## TASK TO CARRY OUT
Transcribe nothing except the lines below that run from the one with "v1745350829/productvergelijker/AUTKNDZT/IC25034-0019-00_00-0" to the one with "Fantasy Football Loser", ends included, and do not copy any picture.

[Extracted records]
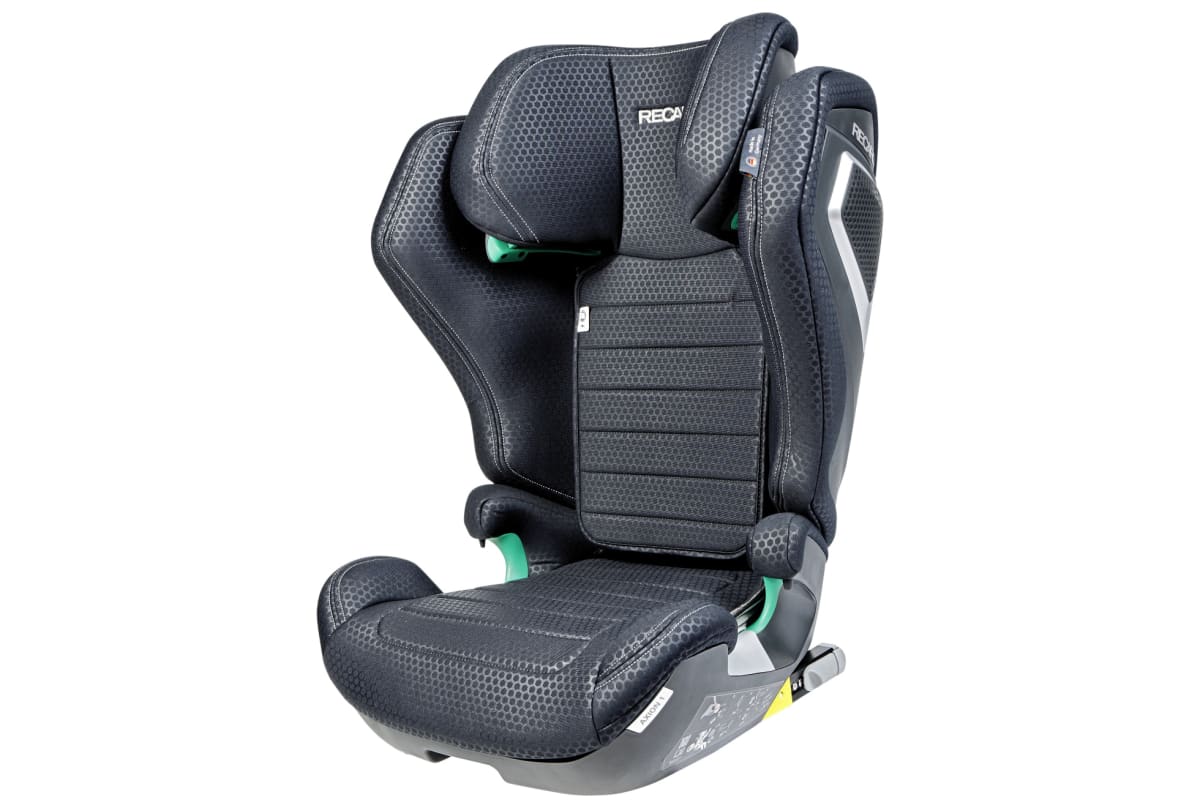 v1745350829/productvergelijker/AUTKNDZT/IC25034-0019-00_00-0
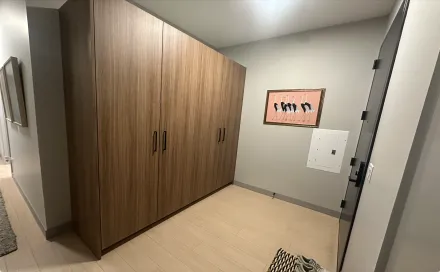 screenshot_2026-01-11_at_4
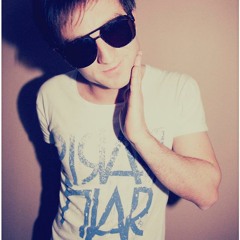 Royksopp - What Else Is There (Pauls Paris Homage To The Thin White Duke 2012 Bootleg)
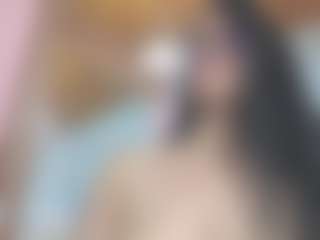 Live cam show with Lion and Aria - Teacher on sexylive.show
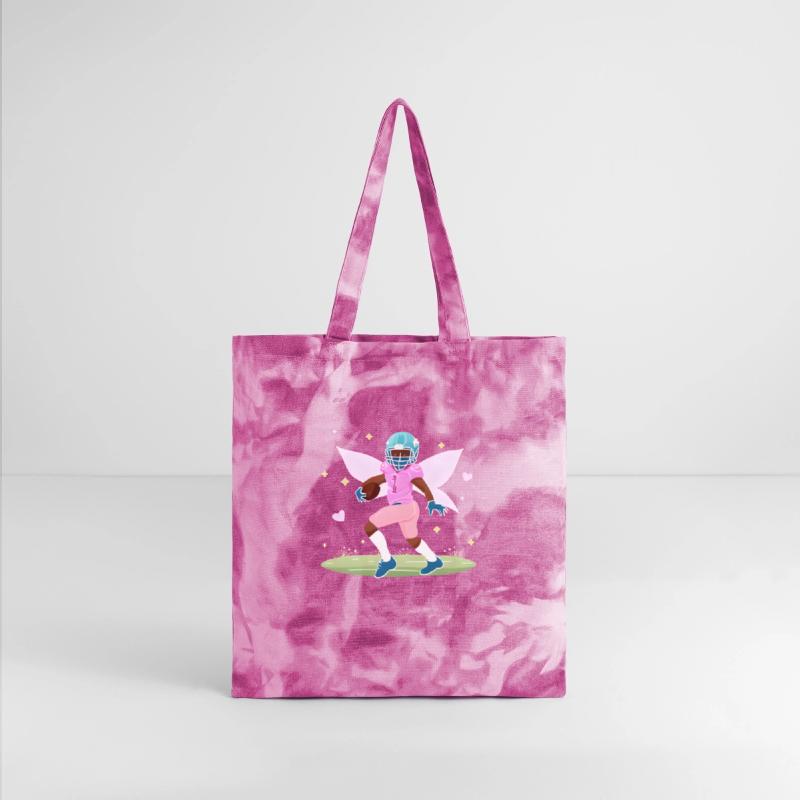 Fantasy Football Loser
---
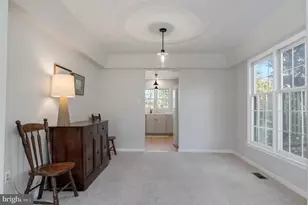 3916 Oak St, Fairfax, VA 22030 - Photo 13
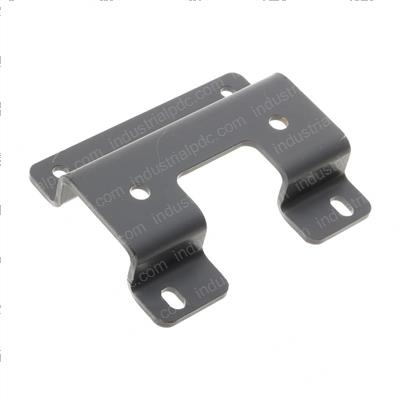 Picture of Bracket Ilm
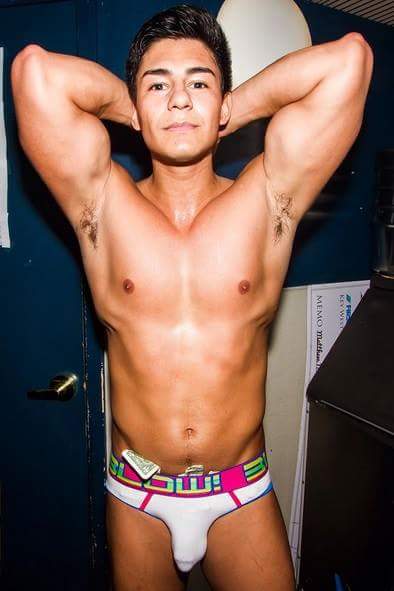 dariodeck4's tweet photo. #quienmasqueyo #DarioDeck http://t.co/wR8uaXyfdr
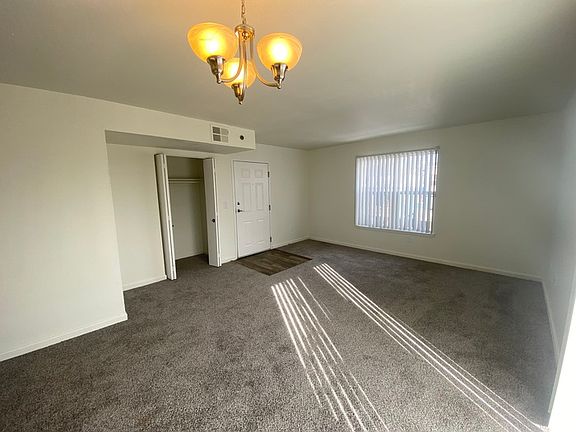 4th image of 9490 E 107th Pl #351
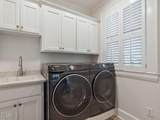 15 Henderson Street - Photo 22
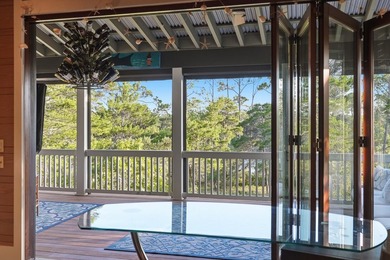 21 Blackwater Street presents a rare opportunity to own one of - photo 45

## WORKED SOLUTION
 v1745350829/productvergelijker/AUTKNDZT/IC25034-0019-00_00-0
 screenshot_2026-01-11_at_4
 Royksopp - What Else Is There (Pauls Paris Homage To The Thin White Duke 2012 Bootleg)
 Live cam show with Lion and Aria - Teacher on sexylive.show
 Fantasy Football Loser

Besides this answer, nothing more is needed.